▸ AVAILABLE DATA:
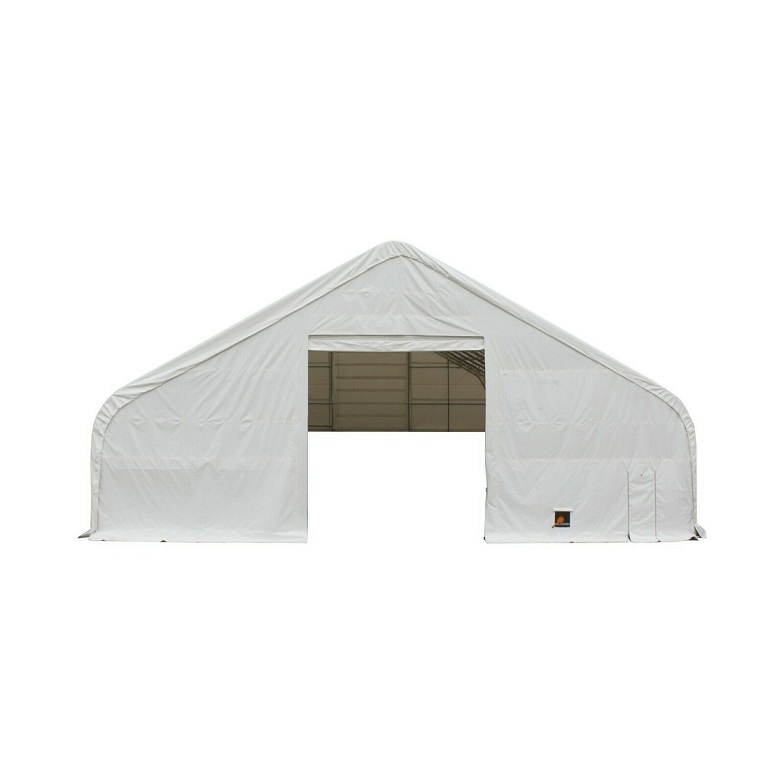 Dual truss fabric building, white PVC cover, open drive-through door in the end wall with a man door alongside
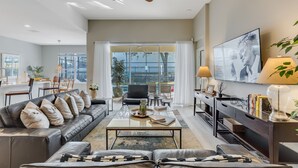 A modern living room with a leather sofa, a coffee table, and a TV. There is a dining area with a table and chairs, and a large window with curtains.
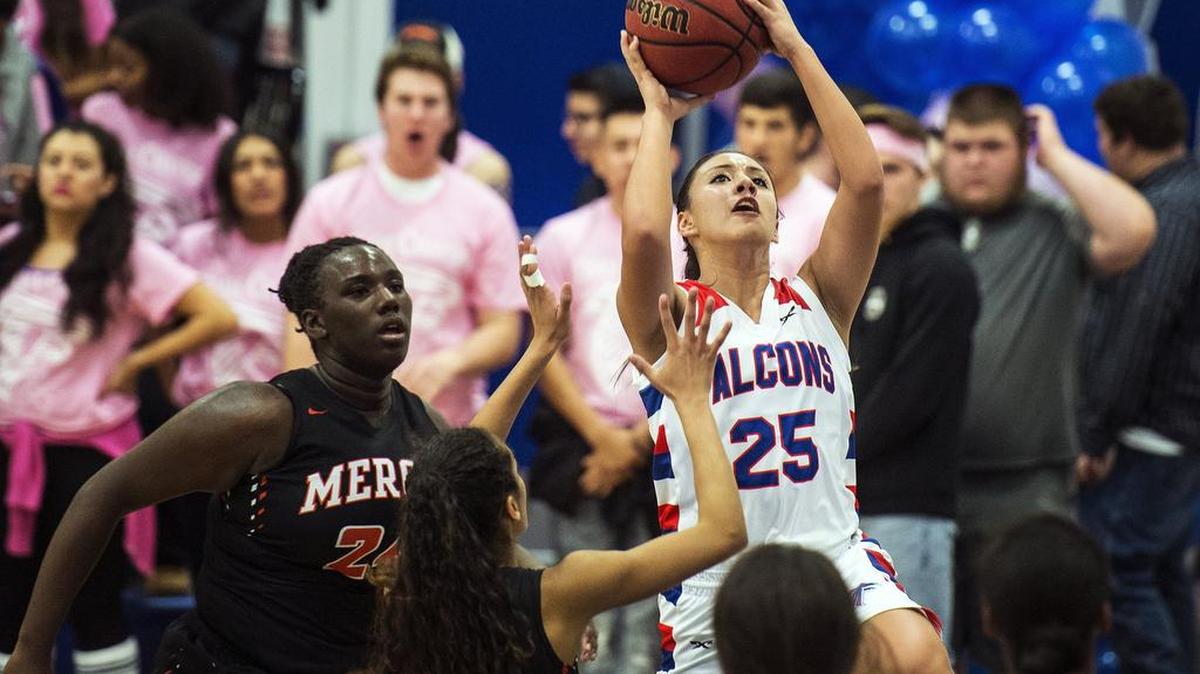 Atwater junior Alondra Ponce (25) attempts a layup during a game against Merced at Atwater High School in Atwater, Calif., Thursday, Feb. 4, 2016. The Falcons beat the Bears 65-57 in overtime.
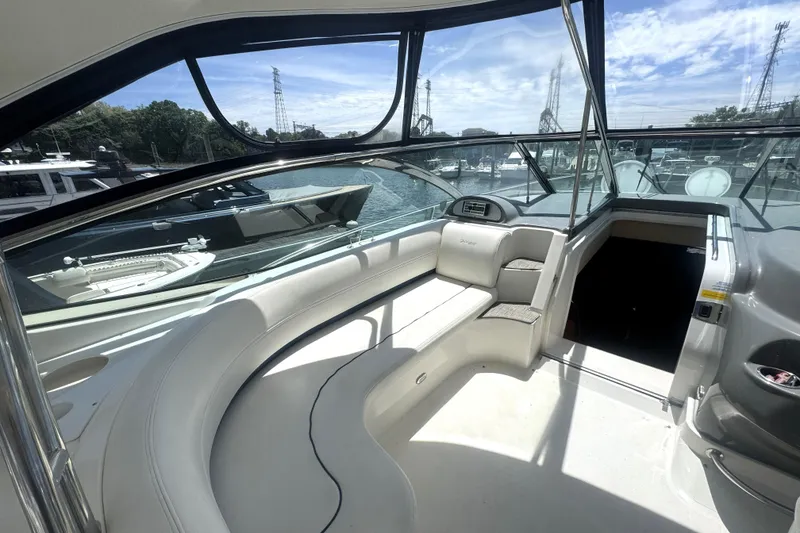 Slide: The Image of 2006 Cruisers Yachts 520 Express cockpit with seating, docked at marina under clear sky. - 20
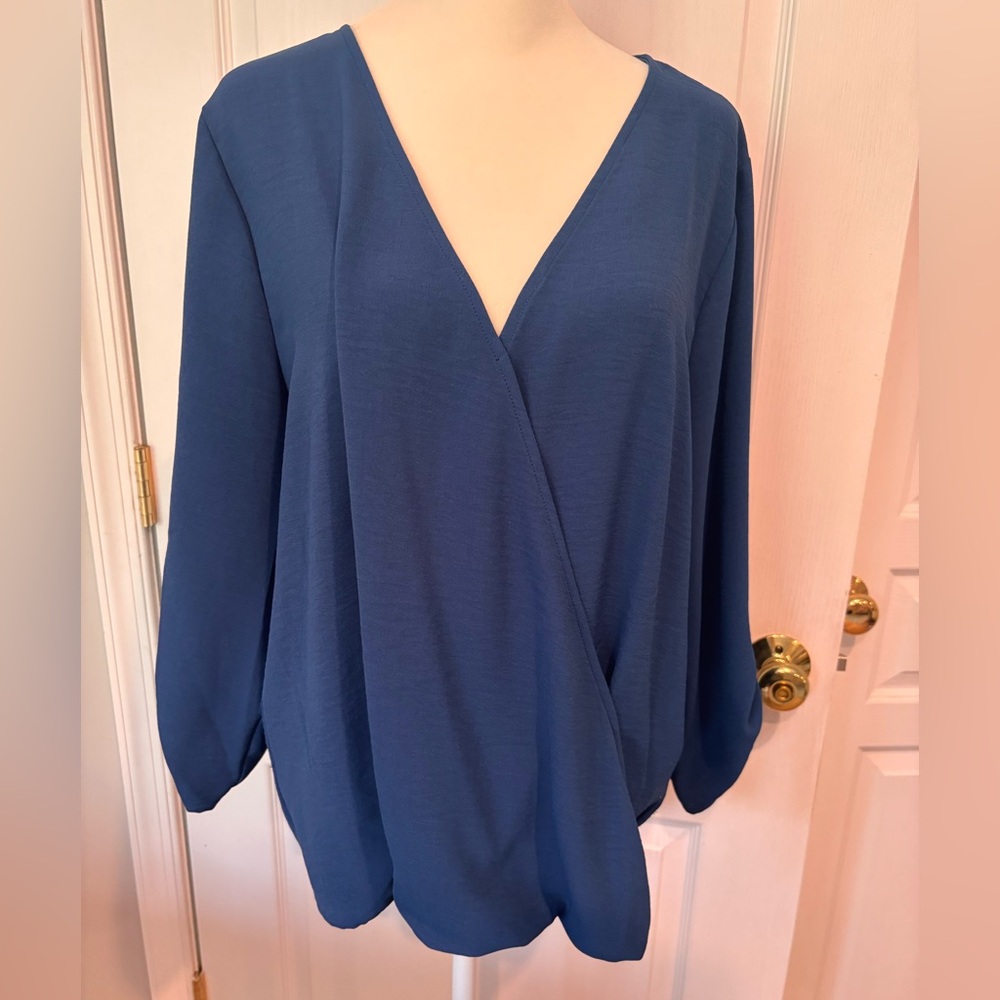 West K Surplice roll tab blouse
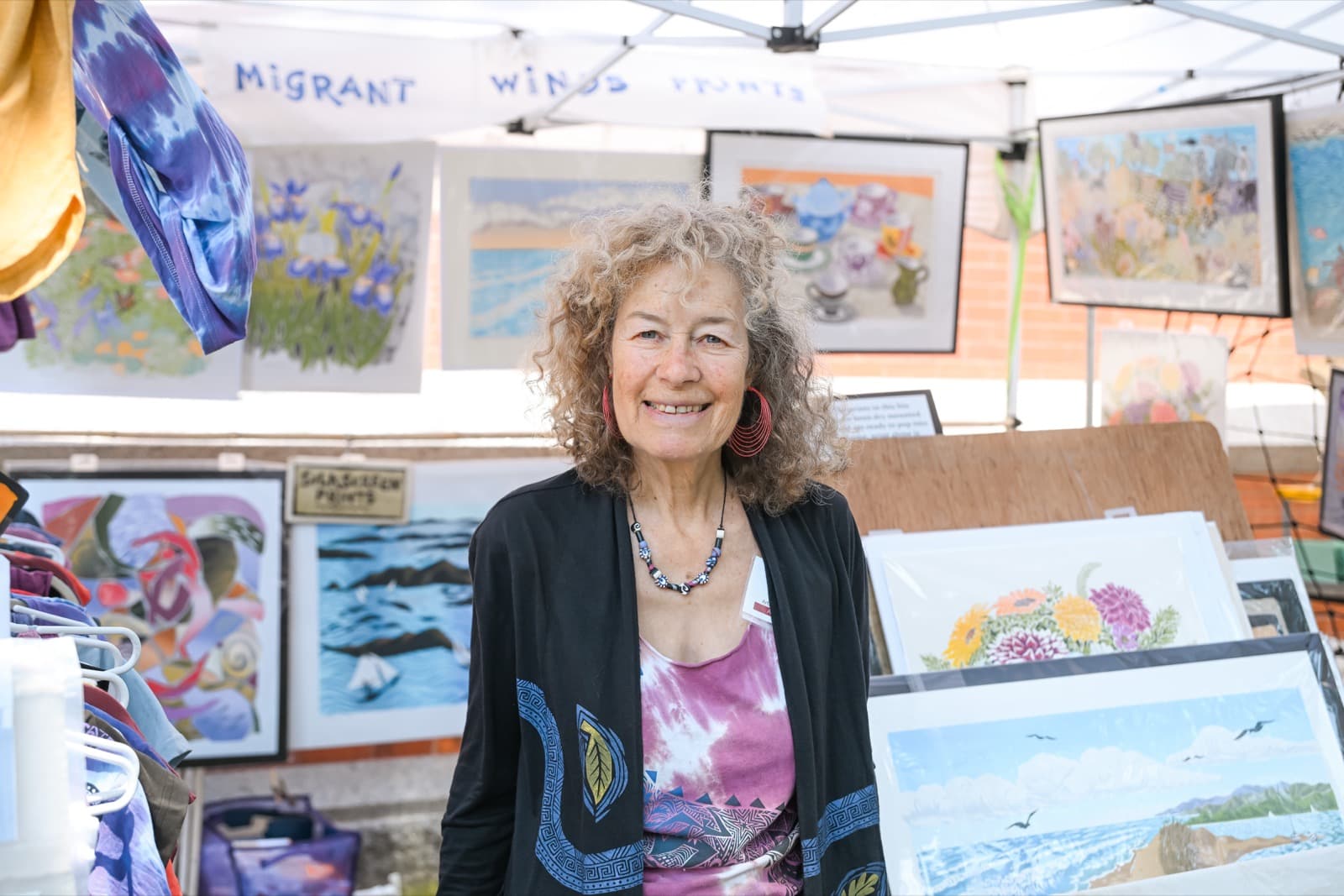 Textile and print artist smiling under a printmaker's banner, hand-dyed scarves and watercolor prints on display.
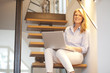 © Westend61 - Smiling woman using laptop on stairs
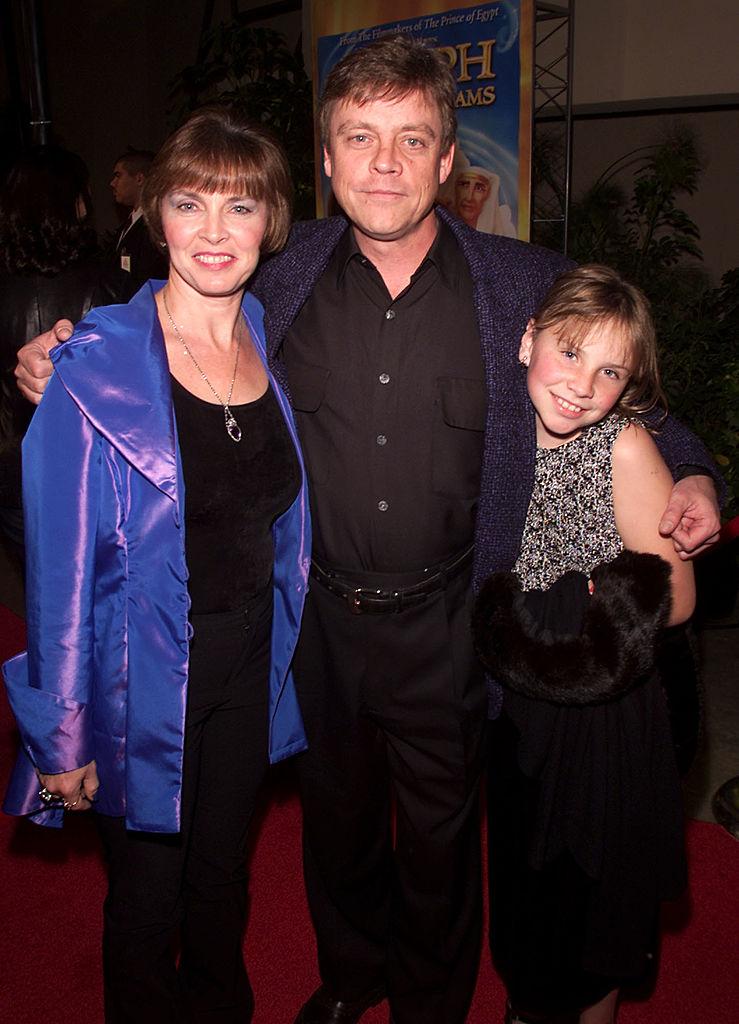 York, Hamill, and their daughter, Chelsea, at the premiere of "Joseph: King of Dreams" at the Egyptian Theater in Los Angeles, California, on Oct. 30, 2000 (©Getty Images | <a href="https://www.gettyimages.com/detail/news-photo/mark-hamill-his-wife-marilou-and-daughter-chelsea-at-the-news-photo/2246869?adppopup=true">Kevin Winter</a>)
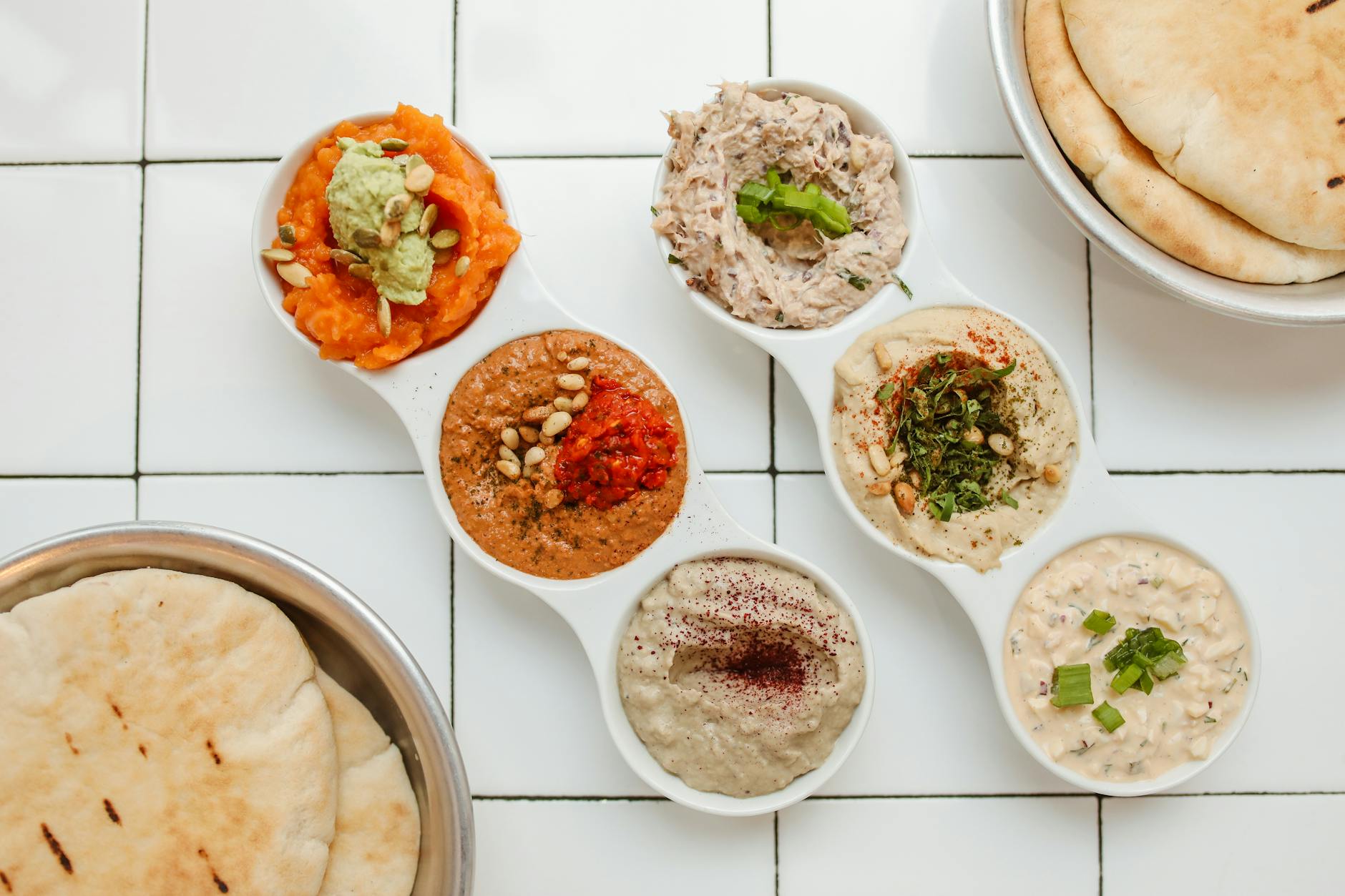 Plant based mezze spread with hummus, vegetables, olives and pita bread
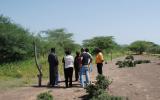 RAE Trust staff show the USIP/IofC team the difference between protected pasture (left) and land open to communal grazing.  The latter is prone to erosion by wind and flash floods.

▸ WHAT IS BEING ASKED:
Give back the data exactly, with no images.

▸ REPLY TO THE TASK:
 Dual truss fabric building, white PVC cover, open drive-through door in the end wall with a man door alongside
 A modern living room with a leather sofa, a coffee table, and a TV. There is a dining area with a table and chairs, and a large window with curtains.
 Atwater junior Alondra Ponce (25) attempts a layup during a game against Merced at Atwater High School in Atwater, Calif., Thursday, Feb. 4, 2016. The Falcons beat the Bears 65-57 in overtime.
 Slide: The Image of 2006 Cruisers Yachts 520 Express cockpit with seating, docked at marina under clear sky. - 20
 West K Surplice roll tab blouse
 Textile and print artist smiling under a printmaker's banner, hand-dyed scarves and watercolor prints on display.
 © Westend61 - Smiling woman using laptop on stairs
 York, Hamill, and their daughter, Chelsea, at the premiere of "Joseph: King of Dreams" at the Egyptian Theater in Los Angeles, California, on Oct. 30, 2000 (©Getty Images | <a href="https://www.gettyimages.com/detail/news-photo/mark-hamill-his-wife-marilou-and-daughter-chelsea-at-the-news-photo/2246869?adppopup=true">Kevin Winter</a>)
 Plant based mezze spread with hummus, vegetables, olives and pita bread
 RAE Trust staff show the USIP/IofC team the difference between protected pasture (left) and land open to communal grazing.  The latter is prone to erosion by wind and flash floods.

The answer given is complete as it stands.